I have a problem and i am wondering if you guys can help me with it...

i have two sheets in and workbook, one of them called "Data List" where i have all the list of my projects and its relevant data like "Project Code, Name, Location" and i have another sheet called "Table" where i want to just type in the Project Code and in the next cell it should copy its related data (Name, Location) automatically.. 

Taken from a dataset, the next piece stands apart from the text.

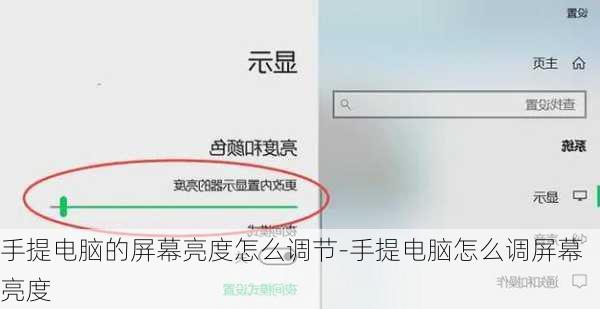 手提电脑的屏幕亮度怎么调节-手提电脑怎么调屏幕亮度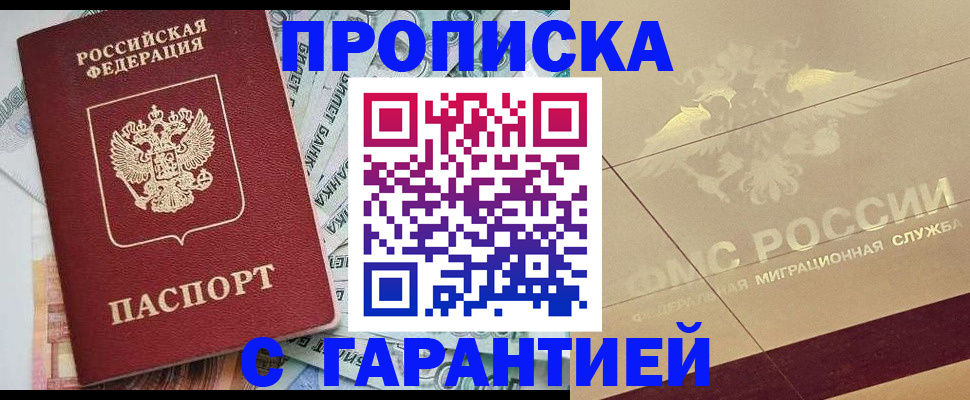 временная регистрация в квартире в Корсакове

How can i do it ? any help or hints? 

( i hape i made myself clear)


----------



## Rollin_Again (Sep 4, 2003)

Can you please upload a sample workbook. What you are wanting can easily be done using vlookup formulas but I'd like to see your data layout.

Regards,
Rollin


----------



## BoooDi (Dec 30, 2008)

Hi Rollin.. 

here i made a sampe for you.. there is two sheets "List" & "Data" . in the List sheet you can find in the Coloum "Project ID" i made a list.. which is from the "Data" sheet. what i want is whenever i choose an ID from the list, i want the coloum "Name" , "Location" and "Status" fields to be filled in automaticlly.


----------



## Rollin_Again (Sep 4, 2003)

See attached sample workbook. Look at the formulas that I've place in Columns B, C, and D. To be honest with you this seems better suited to be done in MIcrosoft Access or other database instead of Excel.

Regards,
Rollin


----------



## Rollin_Again (Sep 4, 2003)

Sorry...I forgot to add the attachment.

Regards,
Rollin


----------